Lawrence Brown joined Nanton and Tizol in the Ellington trombone section in 1932, the first three-trombone section to appear in any of the jazz ensembles of the era. This instrumentation, along with the unique talents of each of the three trombonists, gave the band a unique sound and expanded Ellington's pallette for composition, allowing him to write for the trombones as a musical voice separate from the trumpets. The section can be heard on the 1933 recordings of "Sophisticated Lady," which features a solo by Lawrence Brown, and "Daybreak Express," recorded in 1933, and "Caravan," recorded in 1937, which features Tizol.
Brown's arrival in the band changed Nanton's role in the orchestra to a certain degree. Brown, whose ebullient and virtuosic swing style contrasted with Nanton, was often featured as well; for example, on the 1940 recording of "Flamingo" and 1943's "Do Nothing 'Til You Hear From Me." Brown also played the lead voice in the trombone section parts, such as "Sepia Panorama," recorded live in 1940.
Still, Nanton maintained the blues feeling for the section, and was featured prominently on those numbers that called for his unique brand of talkative trombonisms. Examples of his later solo work include "Harlem Air Shaft," "Across the Tracks Blues," "Jack the Bear" and "Ko-Ko" in 1940.
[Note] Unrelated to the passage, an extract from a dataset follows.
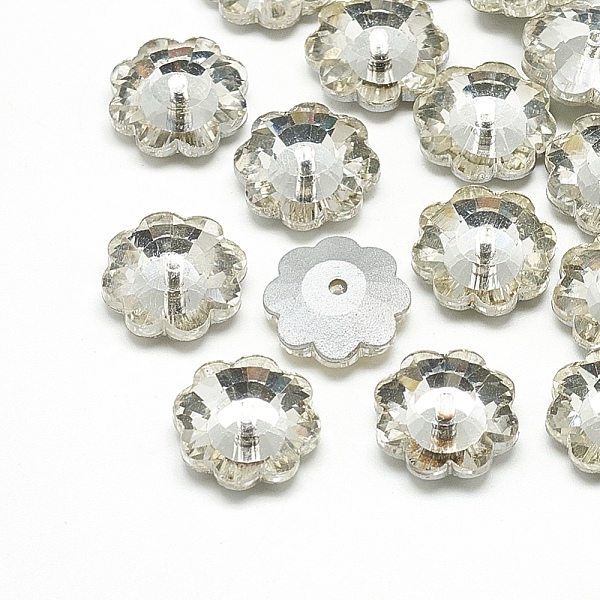 

PandaHall Glass Beads, Back Plated, Faceted, Snowflake, Clear, 8x3mm, Hole: 0.5mm Glass Snowflake Clear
Ill health forced him to take a leave of absence from the ensemble for parts of 1944 and 1945, but he returned to the group for a final tour in 1946. He died in San Francisco, CA on June 20, 1946, partway through the tour. Nanton's death was the first for an active musician in the orchestra, and was a huge loss for the organization both socially and musically. Ellington publicly declared that he would not immediately replace him after his death; Tyree Glenn eventually filled his chair.
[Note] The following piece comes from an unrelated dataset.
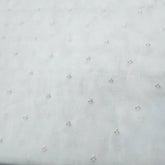 Water Gold Sequin on Dyeable Organza Fabric with Circular Floral Motif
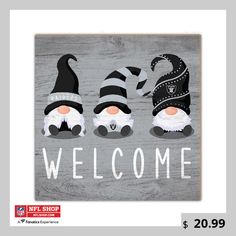 a welcome sign with three gnomes in black and white hats, one wearing a striped hat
To quote his friend trumpeter Rex Stewart, "Nanton's playing differed from that of virtually all other trombonists in jazz. His sound was a voice unique to the instrument, and although many of his fellows played sweeter, faster, louder, and with considerably more technique, still Tricky possessed the gift of communication that is the essence of any music." The recorded evidence backs up this claim; Nanton was not only a cornerstone of the Ellington sound for two decades but one of the most innovative trombonists in early Swing Era jazz.